Alternatives
A quick look at other ways to run external commands in Python, and when they might fit better than comrun.
Python standard library
subprocess.run/subprocess.Popen: battle-tested and built in, but requires boilerplate. You manage streaming, decoding, and error handling yourself. This friction is what inspired the creation of comrun.asyncio.create_subprocess_exec: async-friendly subprocesses.

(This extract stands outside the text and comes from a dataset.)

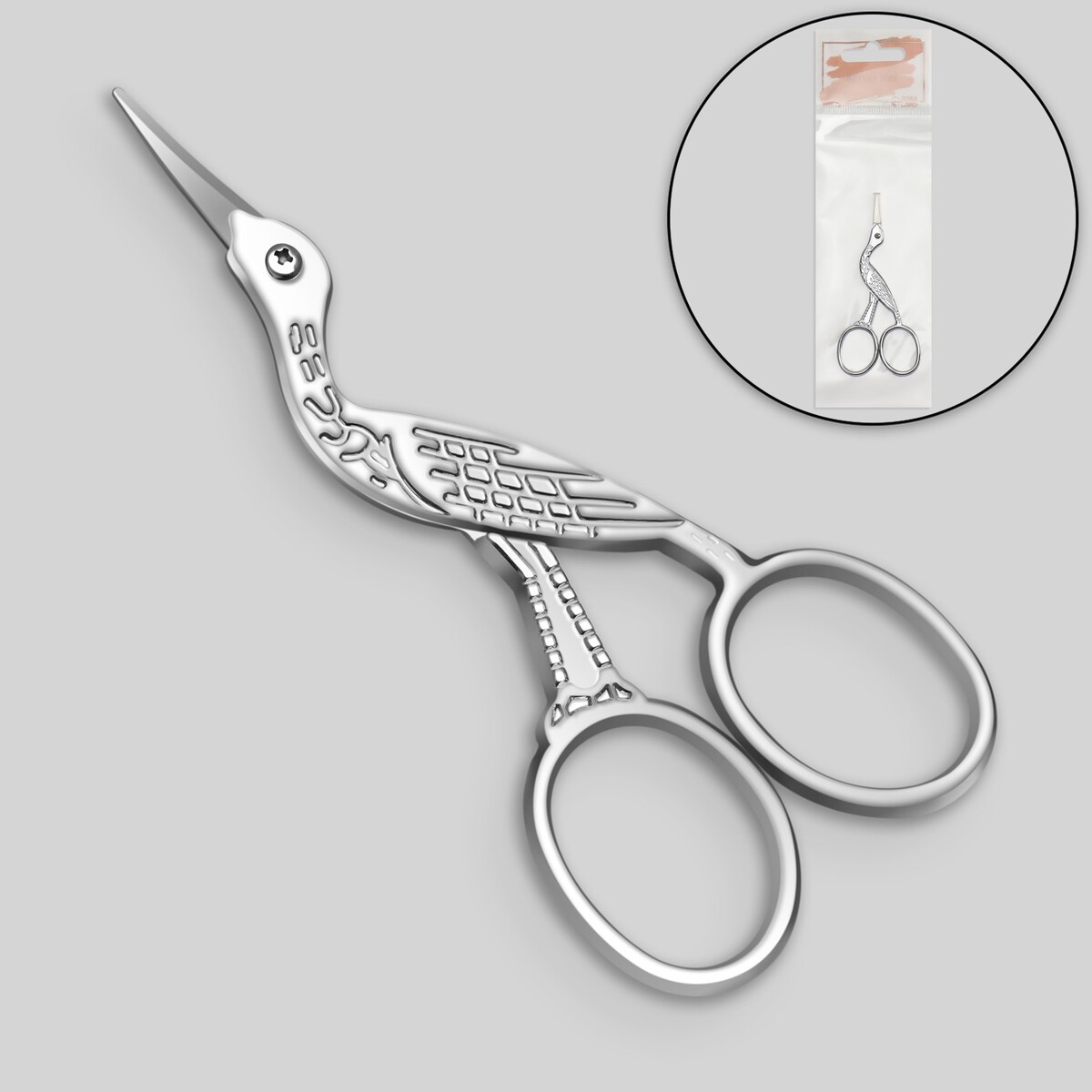 Ножницы маникюрные для шелка, 9 см, цвет серебристый пинцет в форме ножниц прорезиненные ручки 8 см на блистере серебристый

You handle reading/writing streams and timeouts.
Use these when you want zero dependencies and are fine wiring up I/O, timeouts, and logging yourself.
Higher-level libraries
- Invoke / Fabric: task runners with decorators, remote execution, and SSH. Good for deployment scripts; heavier footprint than comrun.
- plumbum: shell-like DSL with pipelines and path abstractions; nice for Unix-like scripting, more opinionated than comrun.
- sh-style wrappers (e.g.,
sh,delegator.py): call executables as functions (git.status()), oftenshell=True; convenient, but can hide quoting concerns.
Choose these when you want richer task abstractions or DSL-like command composition.
When to choose comrun?
You want a small, synchronous runner with:
- Live output streaming (via Rich) and captured stdout/stderr/combined output.
- Structured results and simple success/failure helpers.
- Hooks for logging/metrics without adopting a heavier task runner.